# fluorescent jackets



## marzy (Aug 20, 2010)

fluorescent jackets 
any one got one for their dog ? 
where do u get them from ?? 
marzy xx 
can't see boycie in dark ....
he's,black xx


----------



## Sezra (May 20, 2011)

I haven't bought one yet but Equafleece do one. 

http://www.equafleece.co.uk/store/dog_coats.html


----------



## marzy (Aug 20, 2010)

sezra 
thanks will have alook xxx 
cheers xx 
mar


----------



## Dawny (Mar 28, 2010)

hi wispa has 1, i got it from a garden centre with a large pet department, i think most pet shops sell them well good old pet at home anyway! lol wispa stands very still while she has it put on every night and then looks so pleased with herself as she goes out with the otherhalf! teehee.


----------



## strof51 (Sep 26, 2009)

We've got fluorescent coats, Jolly's stock them, but we don't put coats on the dogs for every walk, but they wear fluorescent collars with flashing LED's. A must with black dogs.


----------



## John Hursley (Jun 14, 2011)

Scats the Garden Centres sell a good waterproof fleece lined one for about £14. Has velcro straps across the front and belly. Good for cold, wet, dark or all 3. Oscar absolutely loves it when it is on. However, if you want a designer one, easy to pay £50-60 for similar.


----------



## marzy (Aug 20, 2010)

thanks guys will have a look
do.t .like walking him in dark as he's all black ..
I can't see him.....
let alone any one else 
mar xx


----------



## Tressa (Aug 31, 2010)

My problem is that Teddy can't see ME in the dark - he is cream so not too bad, but I feel I need to wear fluorescent something or other, as I am convinced that Teddy's eyesight is not that great, although tested clear of the Big Ones he still seems to have some minor difficulties with location the ball etc.if he doesn't see where it is aimed. Think it is me that should be investing in a jacket


----------



## JoJo (Mar 2, 2011)

Tressa said:


> My problem is that Teddy can't see ME in the dark - he is cream so not too bad, but I feel I need to wear fluorescent something or other, as I am convinced that Teddy's eyesight is not that great, although tested clear of the Big Ones he still seems to have some minor difficulties with location the ball etc.if he doesn't see where it is aimed.
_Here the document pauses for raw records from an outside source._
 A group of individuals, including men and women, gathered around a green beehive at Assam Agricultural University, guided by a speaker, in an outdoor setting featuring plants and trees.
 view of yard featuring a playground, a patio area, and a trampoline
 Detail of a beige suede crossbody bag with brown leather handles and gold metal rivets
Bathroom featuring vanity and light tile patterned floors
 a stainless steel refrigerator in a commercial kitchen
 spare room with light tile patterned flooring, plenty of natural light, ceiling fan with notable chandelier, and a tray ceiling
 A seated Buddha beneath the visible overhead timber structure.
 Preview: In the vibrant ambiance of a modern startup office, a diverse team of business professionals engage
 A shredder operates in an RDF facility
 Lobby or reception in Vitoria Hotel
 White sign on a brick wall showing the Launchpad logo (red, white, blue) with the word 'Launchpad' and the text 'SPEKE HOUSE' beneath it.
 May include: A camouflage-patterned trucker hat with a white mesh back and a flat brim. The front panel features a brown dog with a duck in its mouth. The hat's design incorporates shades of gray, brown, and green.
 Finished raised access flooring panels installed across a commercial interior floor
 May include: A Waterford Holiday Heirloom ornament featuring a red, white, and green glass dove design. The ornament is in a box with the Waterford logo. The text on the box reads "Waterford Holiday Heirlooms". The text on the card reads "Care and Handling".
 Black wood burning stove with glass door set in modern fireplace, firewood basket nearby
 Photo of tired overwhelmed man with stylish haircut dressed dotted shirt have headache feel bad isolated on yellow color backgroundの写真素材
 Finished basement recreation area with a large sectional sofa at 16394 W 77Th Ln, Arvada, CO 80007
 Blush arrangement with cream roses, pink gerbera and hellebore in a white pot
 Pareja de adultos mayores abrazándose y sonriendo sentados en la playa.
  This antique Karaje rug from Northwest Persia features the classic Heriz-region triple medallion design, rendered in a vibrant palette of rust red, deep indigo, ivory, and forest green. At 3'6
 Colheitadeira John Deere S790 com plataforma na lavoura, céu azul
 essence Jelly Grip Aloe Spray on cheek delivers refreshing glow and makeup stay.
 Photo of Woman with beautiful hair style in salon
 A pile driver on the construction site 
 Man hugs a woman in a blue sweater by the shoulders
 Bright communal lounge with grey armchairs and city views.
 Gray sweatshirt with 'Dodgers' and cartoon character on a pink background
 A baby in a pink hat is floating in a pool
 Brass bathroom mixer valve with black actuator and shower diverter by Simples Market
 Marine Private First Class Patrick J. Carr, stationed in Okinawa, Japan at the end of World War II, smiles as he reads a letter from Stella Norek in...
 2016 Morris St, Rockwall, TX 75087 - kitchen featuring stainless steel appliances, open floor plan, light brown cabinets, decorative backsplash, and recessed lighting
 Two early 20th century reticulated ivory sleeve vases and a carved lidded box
Think it is me that should be investing in a jacket


I can see it now .. lots of glowing Cockapoo owners wearing our fluorescent jackets and coats ... with glowing balls too ... xxx


----------



## glitzydebs (Jun 10, 2011)

*Re bad eye sight*



Tressa said:


> My problem is that Teddy can't see ME in the dark - he is cream so not too bad, but I feel I need to wear fluorescent something or other, as I am convinced that Teddy's eyesight is not that great, although tested clear of the Big Ones he still seems to have some minor difficulties with location the ball etc.if he doesn't see where it is aimed. Think it is me that should be investing in a jacket


That's interesting as Bobby thinks Pushca is a bit short sighted but I read the other day that their view is as if we had our glasses lenses smeared with oil....Poor baby


----------



## Tressa (Aug 31, 2010)

Haha - just bought him some glowing balls for Christmas -maybe I should wear a flashing necklace, too? Just bought one of those baseball hats with the little lights underneath so maybe that will help. Bought mine in Florida last week but I see they have similar in P @ H today.


----------



## kendal (Jul 16, 2009)

Tressa said:


> Haha - just bought him some glowing balls for Christmas -maybe I should wear a flashing necklace, too? Just bought one of those baseball hats with the little lights underneath so maybe that will help. Bought mine in Florida last week but I see they have similar in P @ H today.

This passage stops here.